If you're angry about why they're getting paid for doing what they love, you should try to understand the viewer. Without the viewers, the players would not be receiving nearly as much money. For most tournaments there are corporate sponsors who subsidize the prize pool. However, in DOTA 2 there is almost always a community factor that increases the prize pool. For example for this tournament $1.6 million was fronted by Valve where the remaining $16.4 million was contributed to by the community for digital items that Valve produces for this tournament. The International is basically an entire season of NFL in 2 weeks of games. This is the one tournament out of the year hosted by Valve (the makers of the game, with interest in promoting the game to more and more people).

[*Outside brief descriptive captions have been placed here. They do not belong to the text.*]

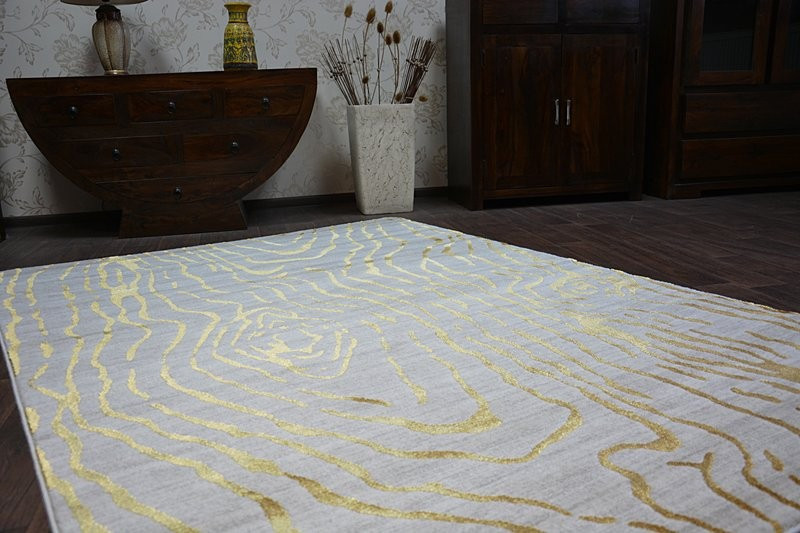 Koberec MANYAS 1703 Ivory/Gold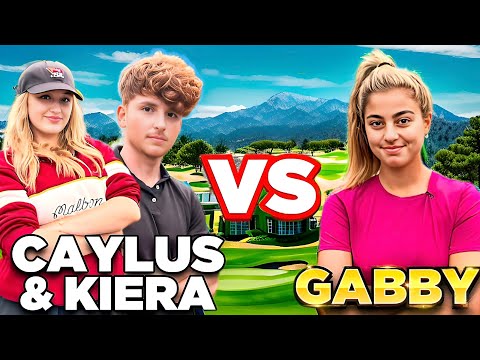 Infinite (Caylus) plays Golf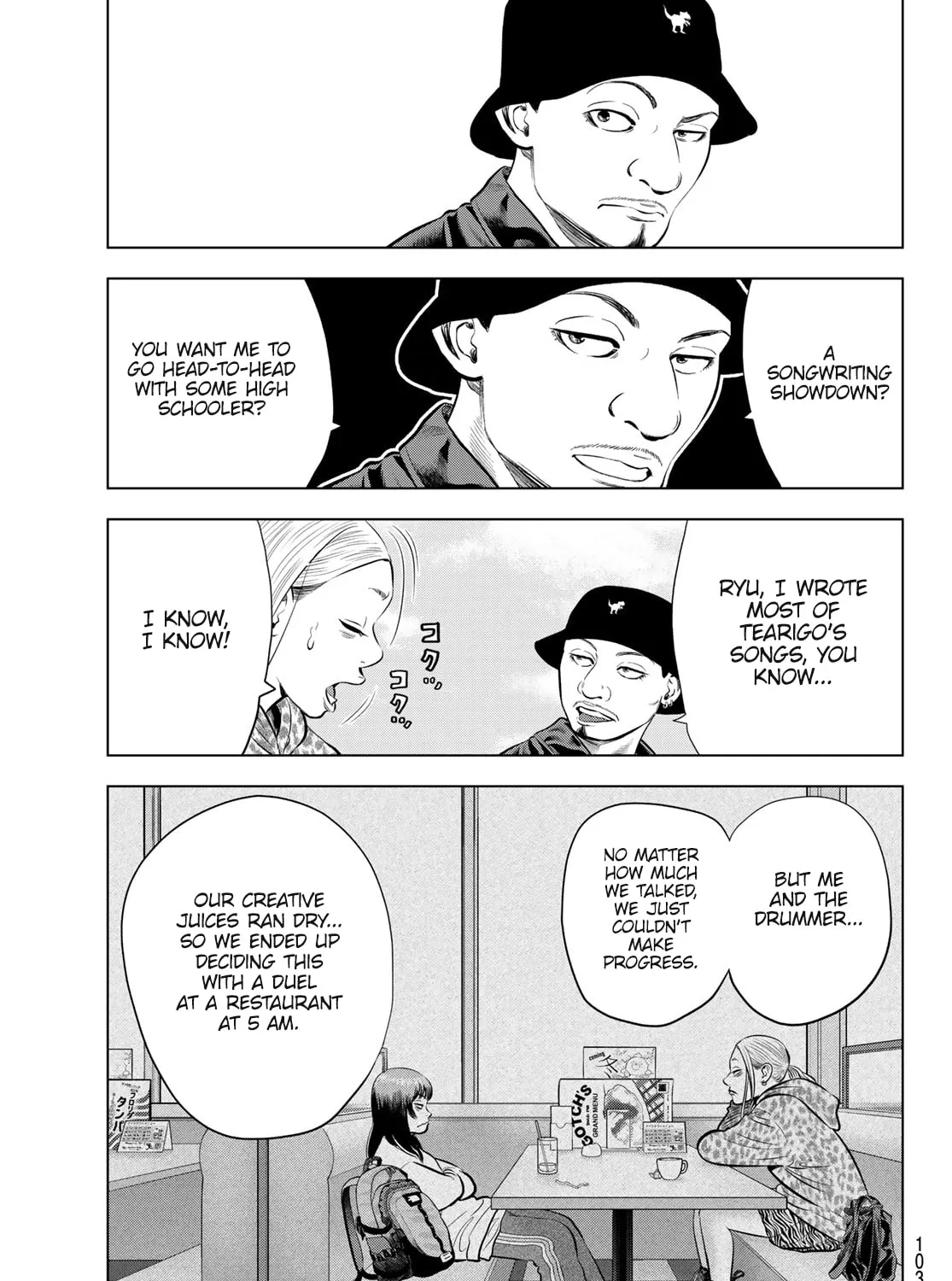 Read THE BAND chapter 7 image 8 on Lezhin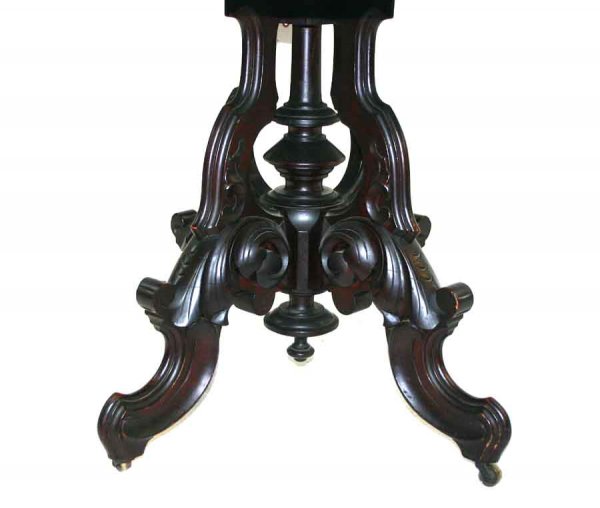 Rare Thomas Brooks Marble Top Center Table - 4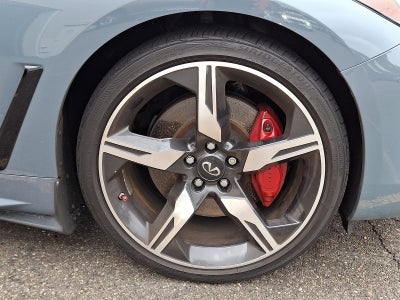 2022 INFINITI Q60 RED SPORT 400 AWD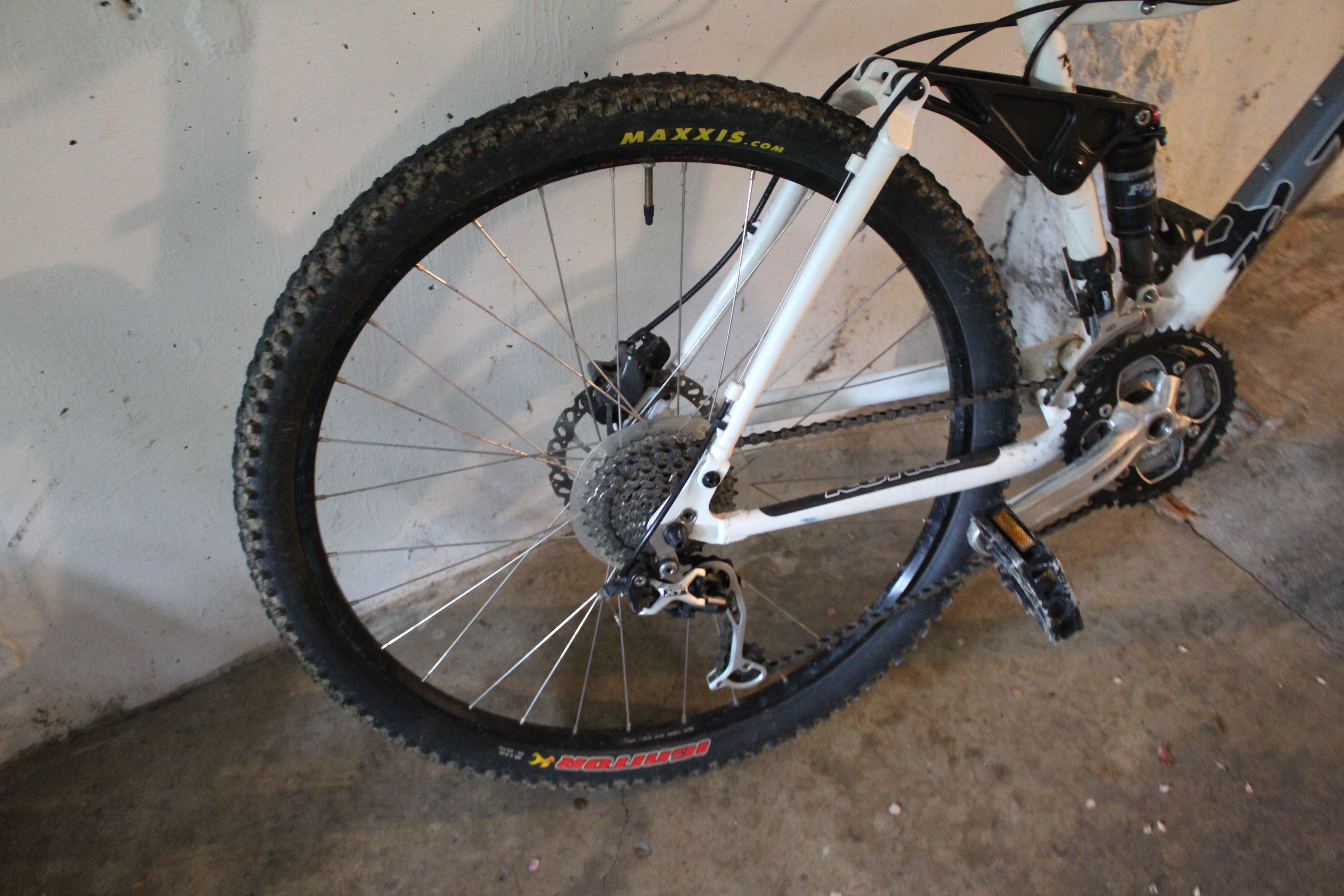 Kona Four Deluxe Bike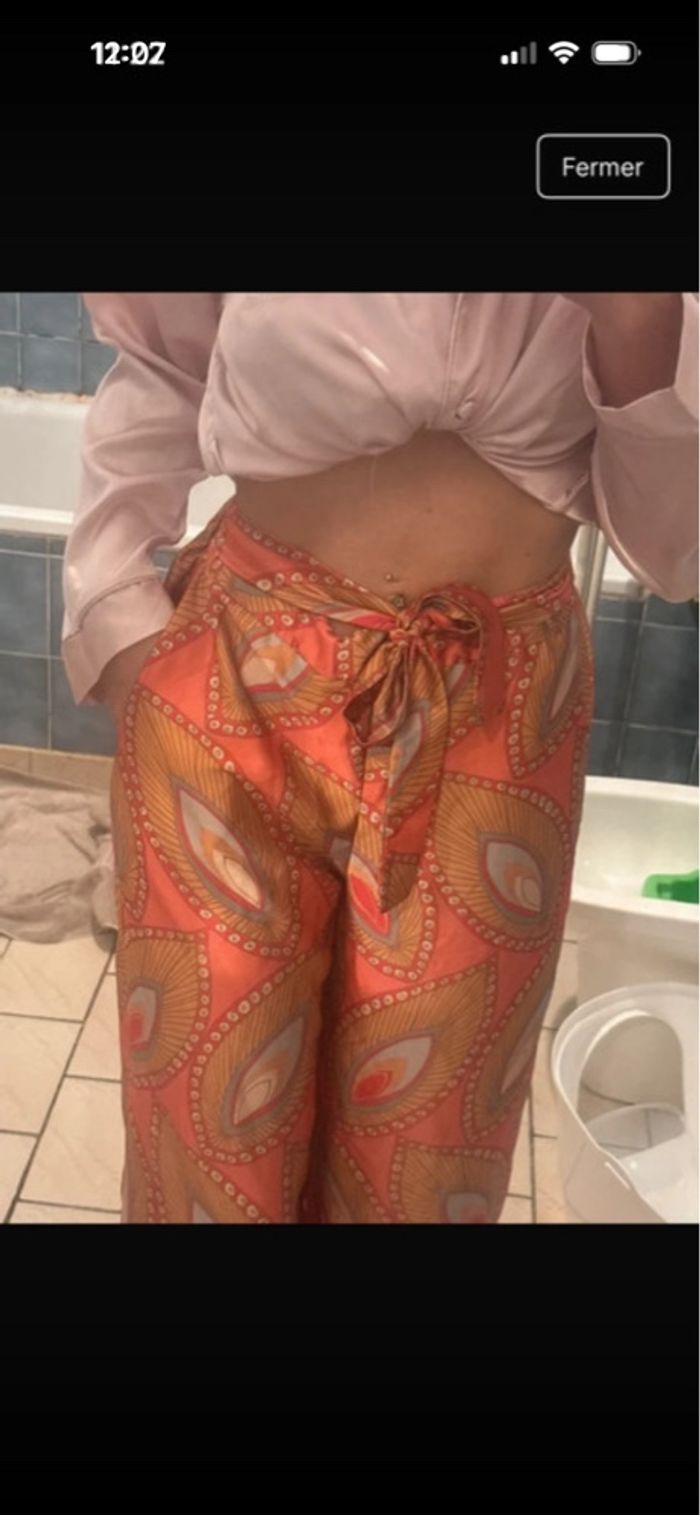 Pantalon fluide - photo numéro 4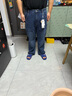 森马森柔牛仔|牛仔裤男冬季长裤复古做旧宽松直筒裤109724124103 实拍图
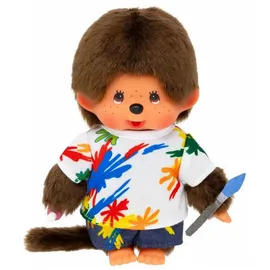 Monchhichi Plüschfigur Painting Boy 20cm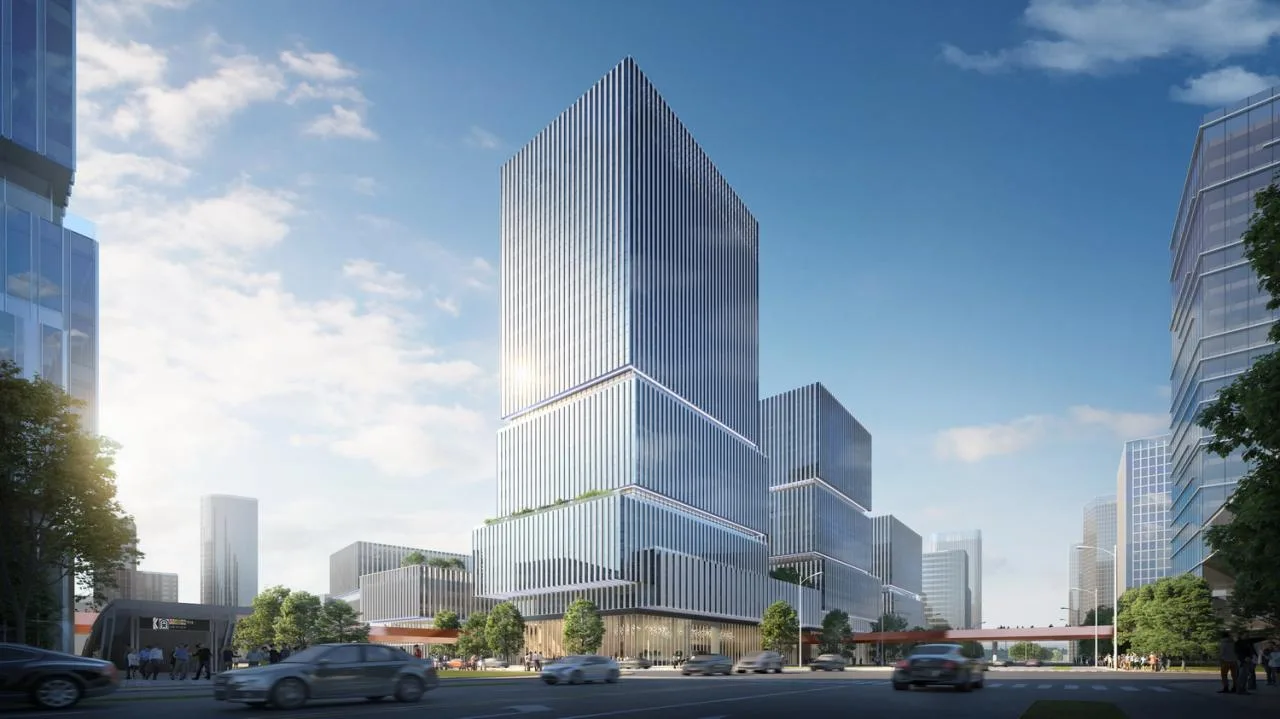 BIM Architecture | Creating a Centric Technology Valley: Financial Technology Industry Center in the Yangtze River Delta/FTA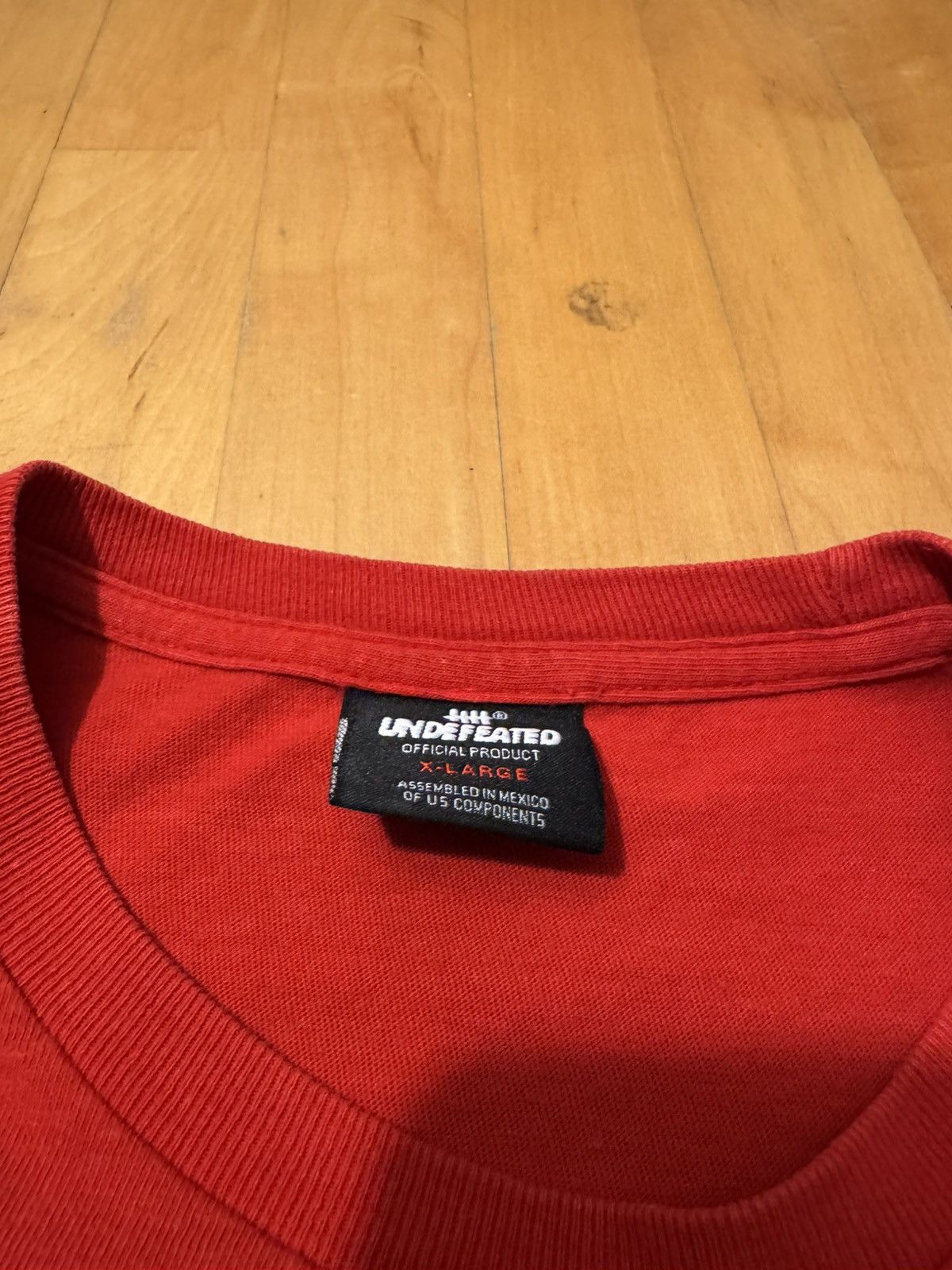Undefeated Undefeated Graphic Tee Size US XL / EU 56 / 4 - 3 Thumbnail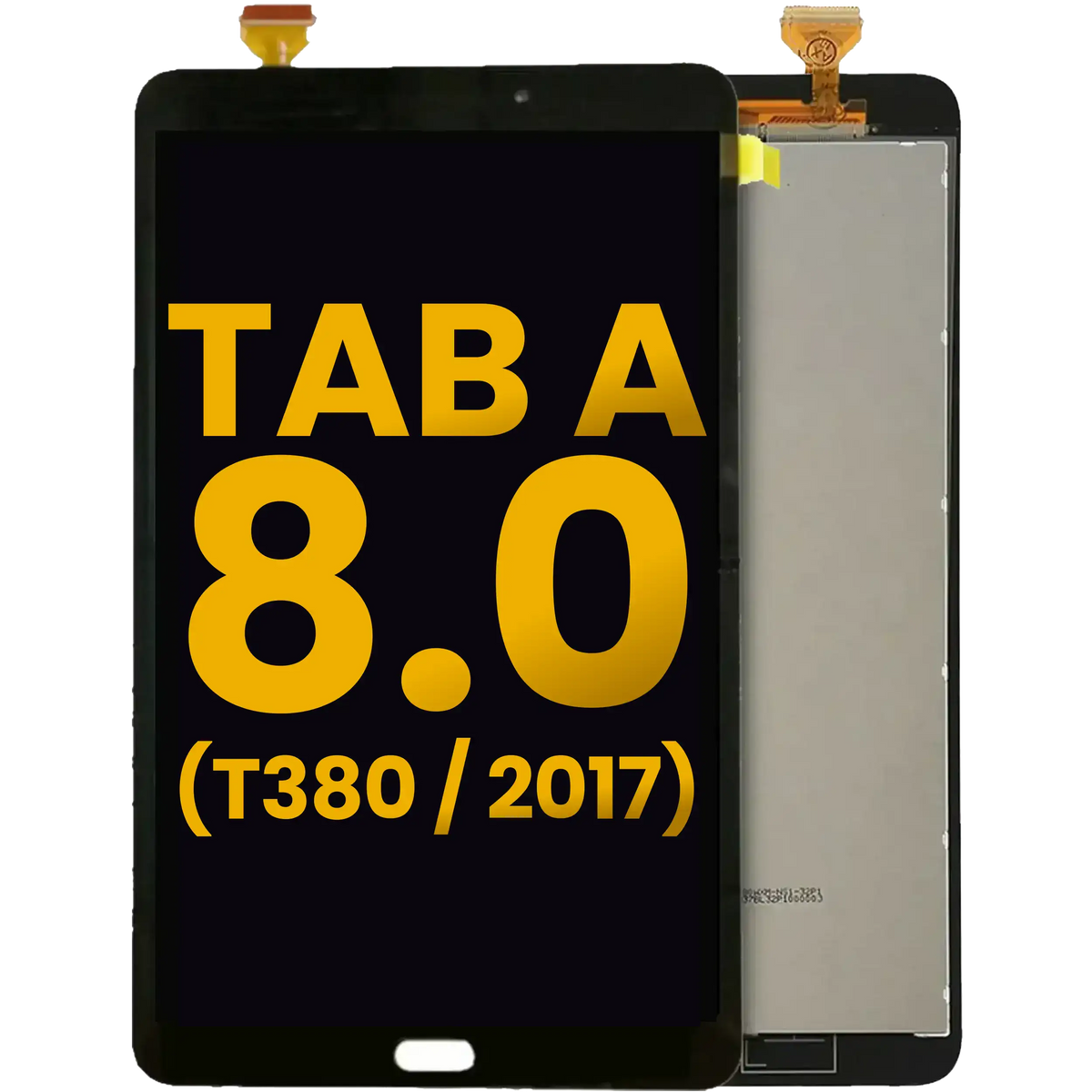 LCD Assembly Without Frame For Samsung Galaxy Tab A 8.0" (2017) (T380) (WiFi Version) (Refurbished) (Black) - Samsung Galaxy Tab A 8.0" (2017) Replacement Parts - SKU 107082015702 - product image 1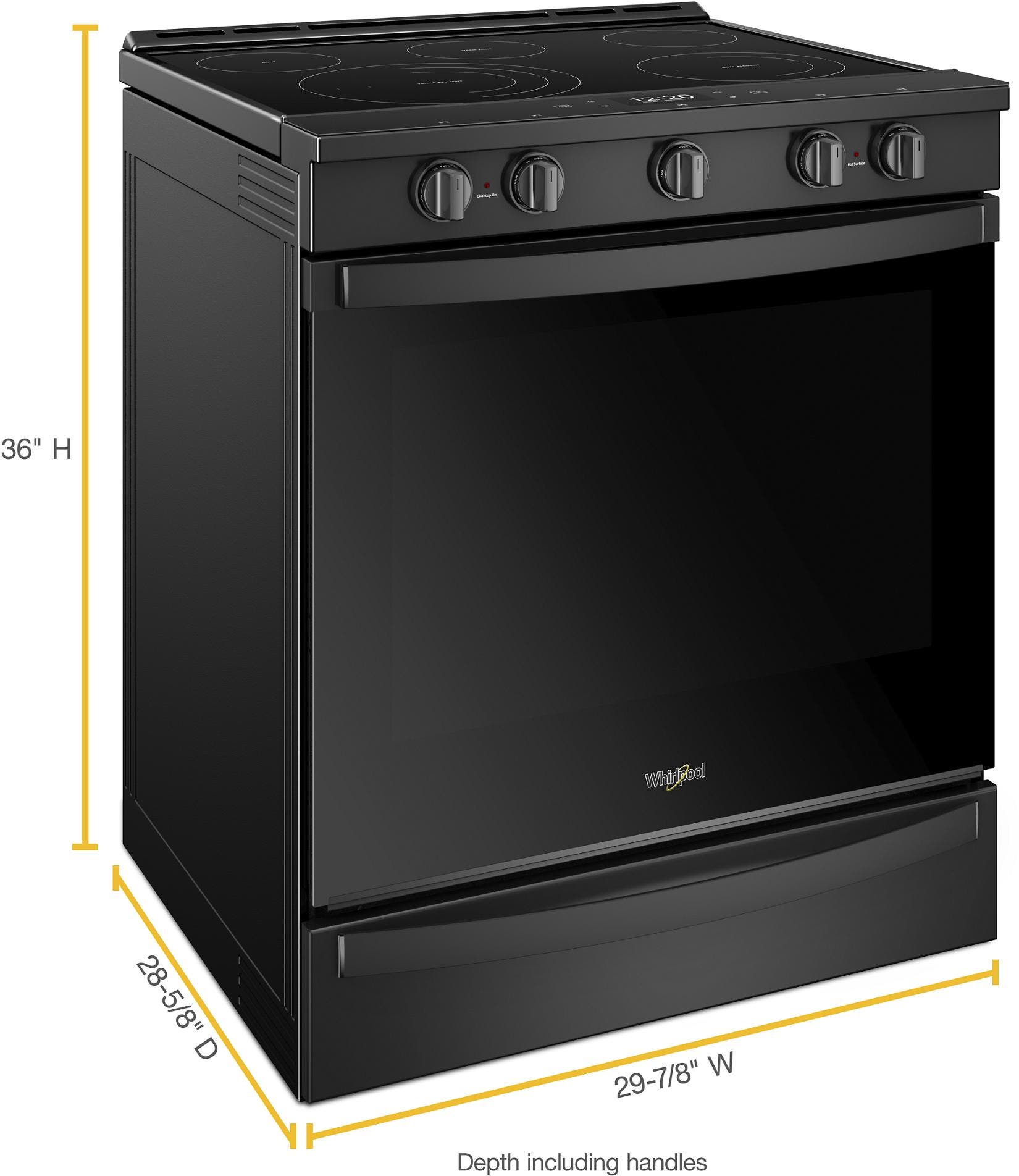 Whirlpool WEE750H0HB Black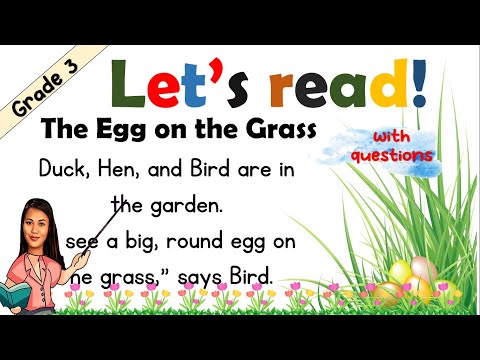 READING COMPREHENSION  |  GRADE 3  - PART 3  |  PRACTICE READING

To me, watching teams play within the confines of an imaginary battlefield is much more engaging. As a video gamer, who I imagine finds games interesting because of the escapism that it provides, I figured you would understand that. To me are a number of reasons why profession DOTA 2 is more interesting than "real" sports.
- I like playing the game!
- The caster and player personalities are gamers like me, whom I can relate to better than say sports jocks
- The game field/environment is unique and visually interesting. Not a stadium with a bunch of lines on it.
- There are no ties. One person will win, eventually. Also, while you gain leads, the game isn't over until it is over (no arbitrary time limits).
- There is a lot of strategy involved with pick/ban drafting. Heroes each have strengths and weakness and picking a combination of those ahead of time vs another team's is very interesting.
- There is a lot of decisions that must be made by the players instead of being fed instructions (say by an offensive coordinator).
- There are no human referees the games usually run from beginning to end on LANs. There are no human influenced over-reaction fouls or the like. The biggest issues are technical issues like network connections and DDOS attacks.
- There is only simulated carnage and death instead of inflicting that on actual people or animals.
Your viewpoint is the type of stigma that pro-gaming has to fight to be accepted. For some reason it's ok to watch humans physically interact with each other, to determine who is the best but not ok when it's though the confines of a simulation. Luckily, younger people are much more open to this type of entertainment. If you can't accept it, you can just live in your log cabin stroking your shotgun while the world changes around you or you can try to learn to accept new things.
This comment was edited on Aug 9, 2015, 17:27.